Yannick Jaffré : Le détonateur a été socio-économique, comme on l’a rappelé en commençant mais, et c’est la singularité de cette Jacquerie, elle a vite pris un volume politique à travers deux motifs : l’un révolutionnaire, la volonté d’« aller chercher » Macron et de lui « couper la tête », l’autre constitutionnel avec la revendication du « Référendum d’Initiative Citoyenne » (RIC). Sans médiation, les Gilets jaunes ont porté une colère qui, selon un réflexe profondément français, a traduit le social en politique. Et j’ajoute que le mouvement présentait une nette dimension identitaire, avec ses Marseillaises et drapeaux tricolores, que le système a parfaitement identifiée.

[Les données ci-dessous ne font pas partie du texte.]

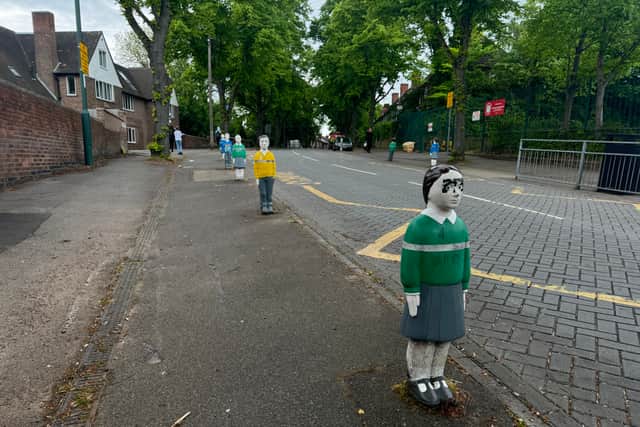Some people think the bollards look creepy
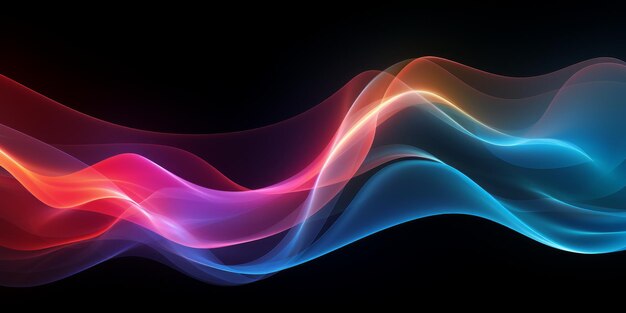 Abstract Blue pink red gold and neon color Wave Veil Or Smoke Texture Background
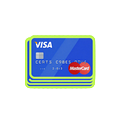 Visa und Mastercard Kartensymbol f&uuml;r Einzahlungen bei Golazzo Casino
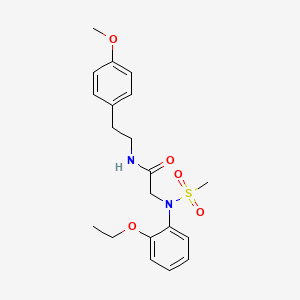 molecular formula C20H26N2O5S B5185383 N~2~-(2-ethoxyphenyl)-N~1~-[2-(4-methoxyphenyl)ethyl]-N~2~-(methylsulfonyl)glycinamide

Avant d’être en effet pourri de l’intérieur par les inévitables gauchistes et antifa dont c’est la mission sur terre de corrompre toutes les mobilisations populaires qu’ils touchent, le mouvement a d’abord subi une agression policière, judiciaire et médiatique d’une violence inouïe. Sous les coups, d’Actes en Actes le nombre des Gilets jaunes AOC diminuait tandis que celui des gauchistes augmentait. Mais pour faire l’auto-critique du mouvement originel, le côté coupeur de tête, ultra-égalitaire à la base, fut sans doute un facteur de son épuisement rapide. Et je crois aussi que la bonhommie universaliste des Français les rend poreux à l’intimidation par le racisme et l’antisémitisme. Il faut se souvenir que cette intimidation a été exercée contre eux pour mesurer la dangerosité des Gilets jaunes aux yeux du système. Or, puisqu’ils prétendaient ramasser le tronçon historique du glaive français, ils auraient peut-être dû mieux savoir que le social ne suffit pas à constituer une identité politique puissante. Ils auraient peut-être dû, autrement dire, brandir encore plus vigoureusement cette carte d’identité nationale…

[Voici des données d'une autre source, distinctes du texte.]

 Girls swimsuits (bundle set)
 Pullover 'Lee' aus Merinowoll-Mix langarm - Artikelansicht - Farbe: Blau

Breizh-info.com : Pensez-vous que les autorités, notamment suite aux deux premières manifestations nationales, aient réellement senti que le pouvoir pouvait vaciller ? Qu’a-t-il manqué selon vous pour cela ?

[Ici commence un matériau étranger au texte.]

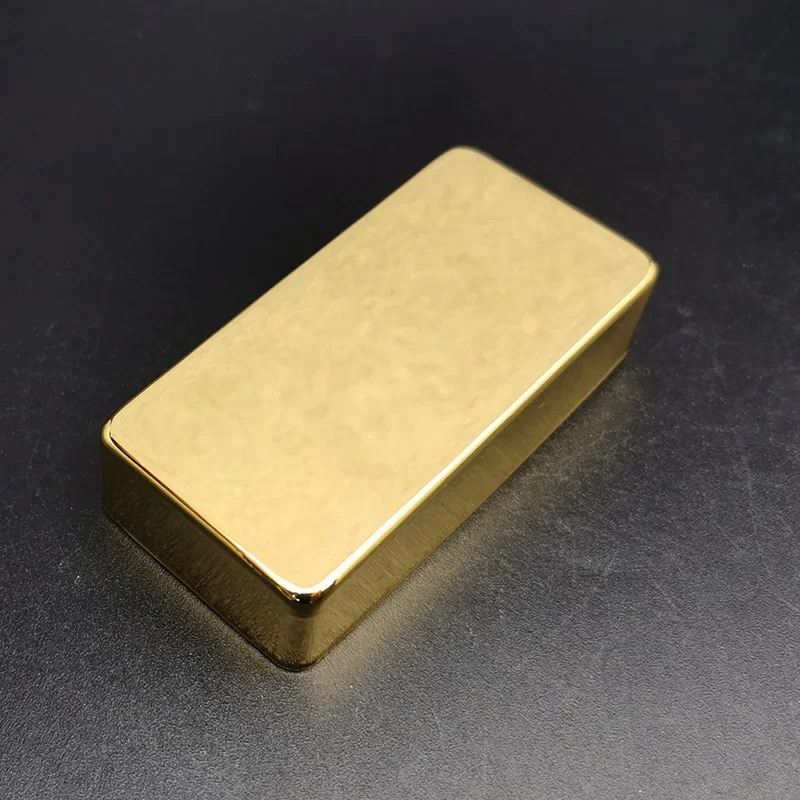 2Pcs 7-String Sealed Brass 80x39mm Pickup Covers /Lid/Shell/Top for Electric Guitar/Metal Guitar Humbucker Covers Gold/Chrome
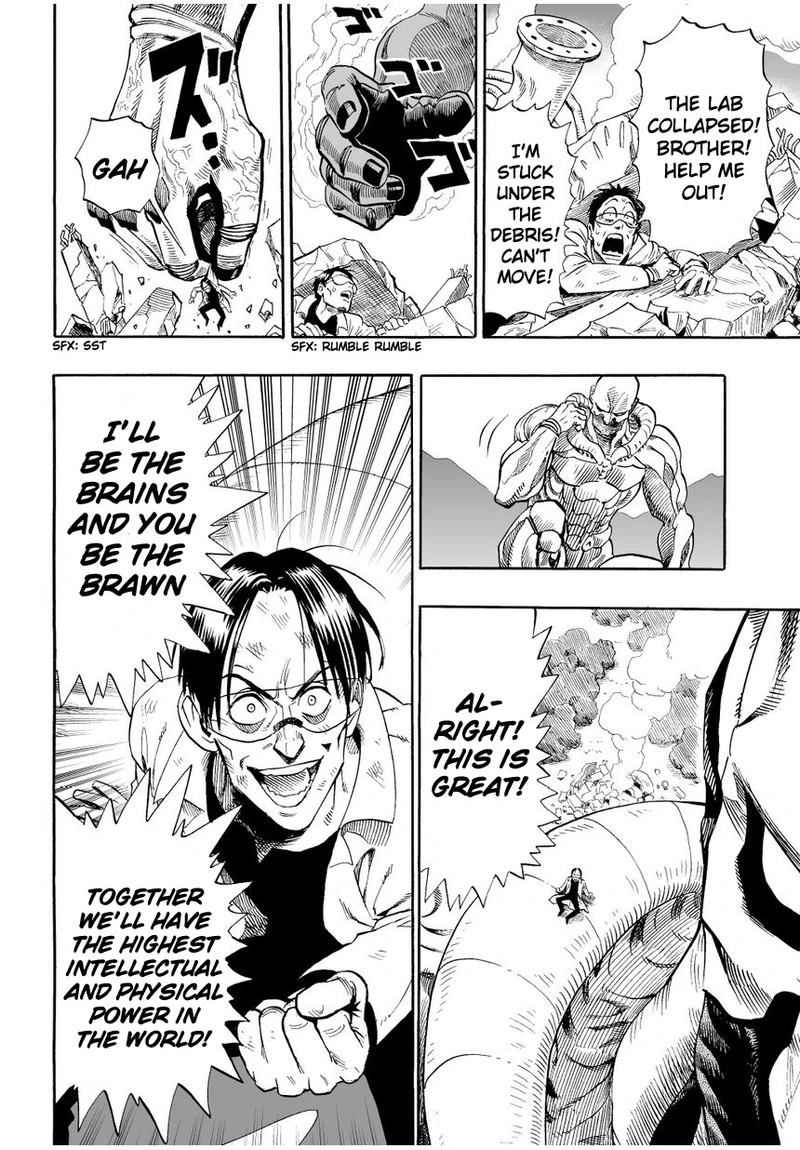 One Punch Man Manga Chapter 3 page 6 - A Dangerous Being scene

Yannick Jaffré : Il faut se rappeler du visage de Macron au soir du 10 décembre 2018 pour se convaincre de la peur qui a saisi le pouvoir en général et la présidence en particulier. Macron, blême, presque vert de peur, supprime la mesure sur la taxe carbone et cède 10 milliards aux revendications sociales des Gilets. La violence inouïe de la répression que j’évoquais est un autre signe de cette grande peur. Depuis la répression des mineurs par Jules Moch en 1947/48, l’État avait assigné aux CRS une pratique non létale du maintien de l’ordre, pratique plus généralement économe en blessures. Or contre les Gilets jaunes, il leur a été ordonné de pratiquer l’offensive avec les Lanceurs de Balles de Défense (LBD) dont même le GendXXI, association nationale des militaires de gendarmerie, a pointé l’utilisation « un peu déviante, comme une arme d’attaque et non de défense ». Cette répression a fait 700 blessés graves, dont 250 à la tête, 25 éborgnés et 5 mains arrachées. Sachant tout cela, la masse des comparutions immédiates et des lourdes peines qui s’est abattue sur les Gilets jaunes conserve cependant quelque chose de vertigineux : 11000 gardes à vue, 3100 condamnations, 400 avec mandat de dépôt. Surtout quand on compare cette extrême sévérité des juges à la mansuétude dont jouissent de leur part les racailles de banlieues et les « antifas » (pour certains fils de magistrats et, pour la plupart, de bourgeois bien installés). Au bilan, c’est le parallèle avec les émeutes ethno-religieuses de 2005 qui offre le plus saisissant contraste. Les émeutiers avaient alors bénéficié de la doctrine post-Jules Moch augmentée de la jurisprudence Malik Oussékine, sacralisant, outre leur vie, jusqu’au moindre cheveu des « divers ». Tétanisant les gouvernements depuis trente ans, cette jurisprudence a permis aux ethno-émeutiers de 2005 de faire leur loi pendant trois semaines, sans avoir aucun blessé dans leurs rangs, eux. On voit de qui l’Etat se défend en priorité, quel ennemi il désigne : les populaires blancs productifs.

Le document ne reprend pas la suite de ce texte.